Task goal:
Please set down only the lines from the one containing "angel Button" through the end of the entries below, exactly, minus any pictures.

(Pictures with short captions)

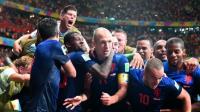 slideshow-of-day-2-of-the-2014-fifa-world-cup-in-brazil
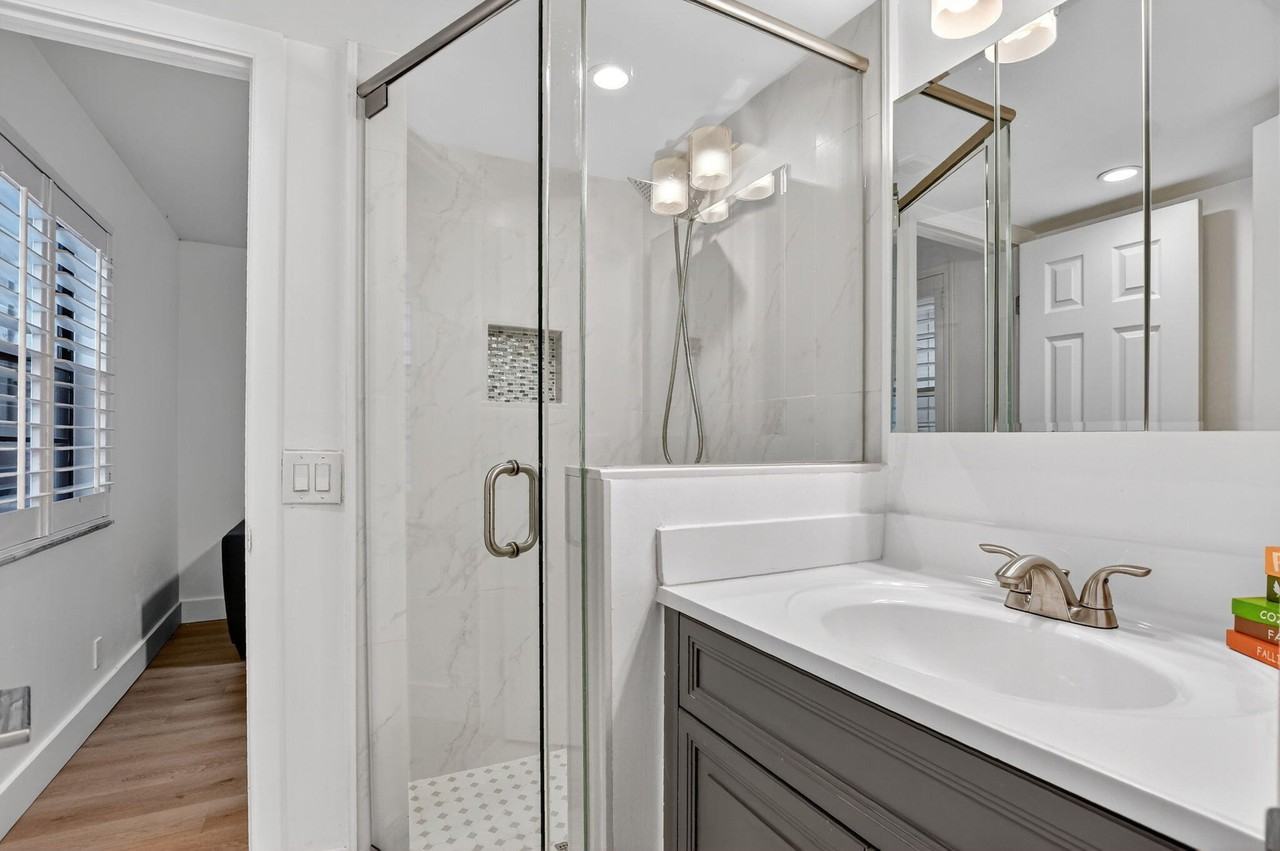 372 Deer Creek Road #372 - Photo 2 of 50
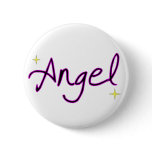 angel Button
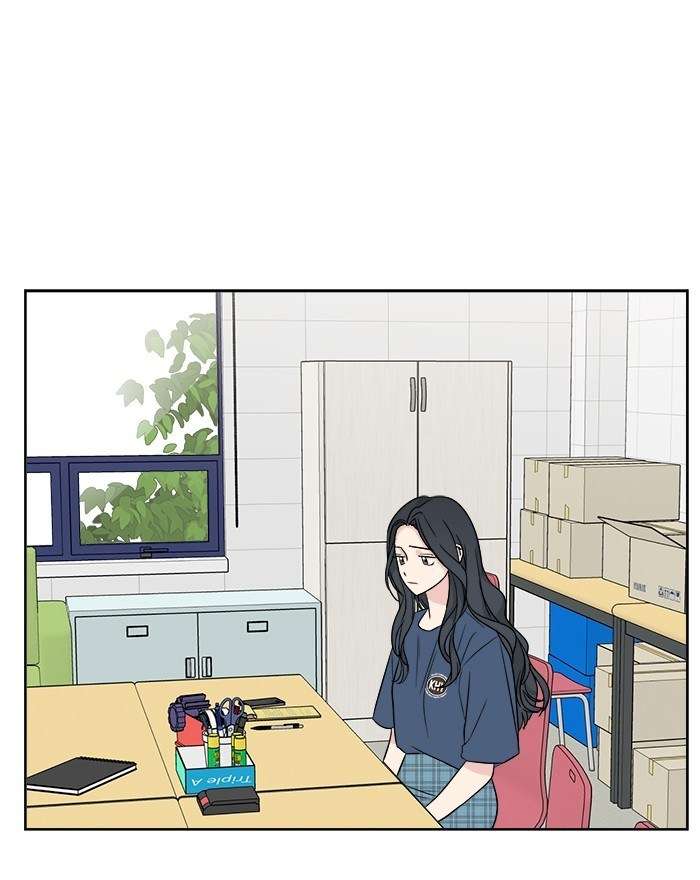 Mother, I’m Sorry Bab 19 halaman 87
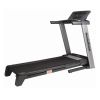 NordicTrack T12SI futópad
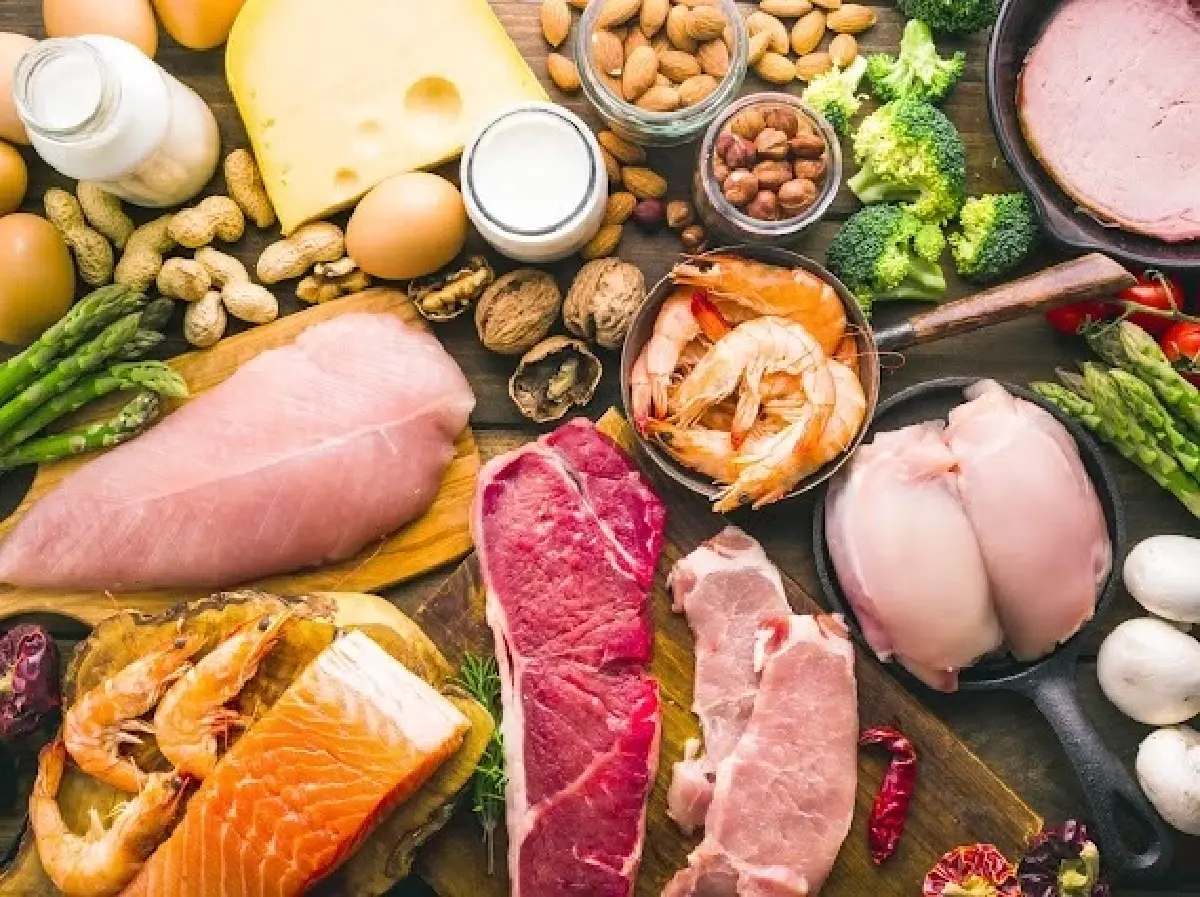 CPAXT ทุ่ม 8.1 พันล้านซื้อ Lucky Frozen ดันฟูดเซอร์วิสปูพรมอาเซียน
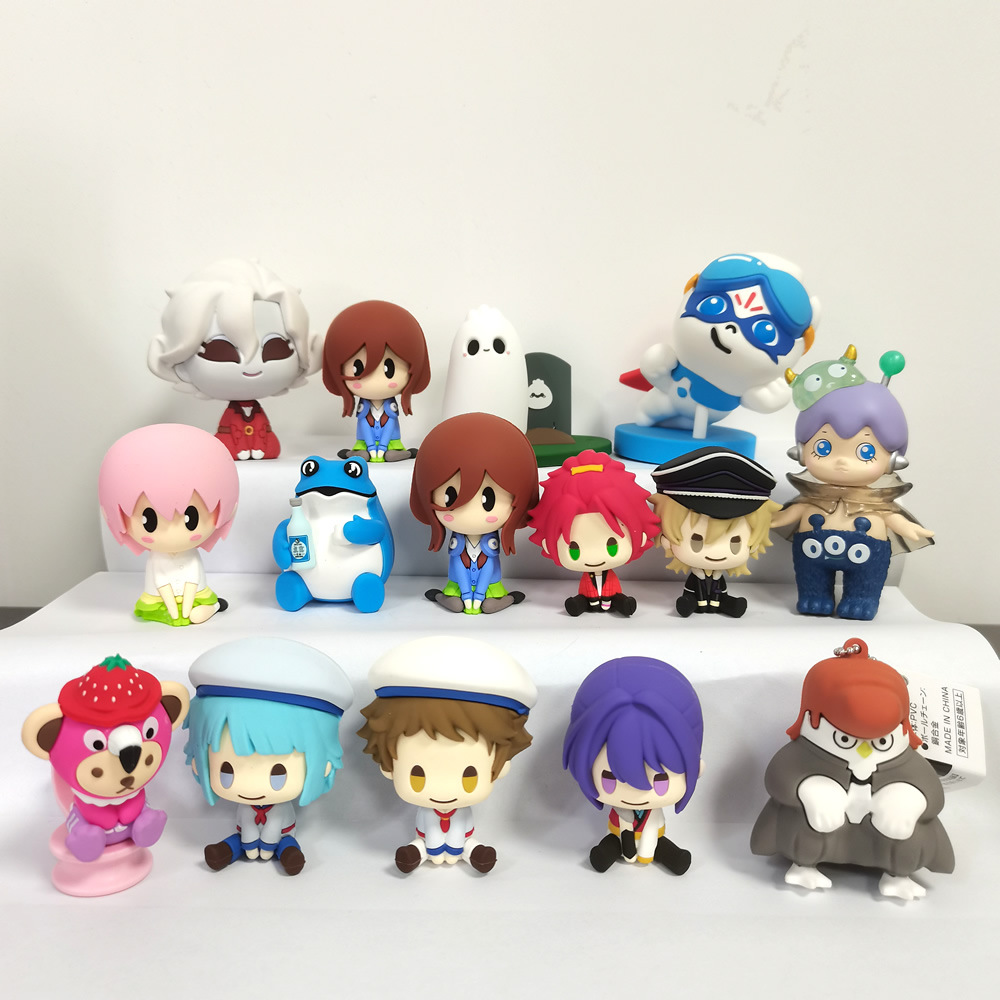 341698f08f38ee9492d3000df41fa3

Task answer:
 angel Button
 Mother, I’m Sorry Bab 19 halaman 87
 NordicTrack T12SI futópad
 CPAXT ทุ่ม 8.1 พันล้านซื้อ Lucky Frozen ดันฟูดเซอร์วิสปูพรมอาเซียน
 341698f08f38ee9492d3000df41fa3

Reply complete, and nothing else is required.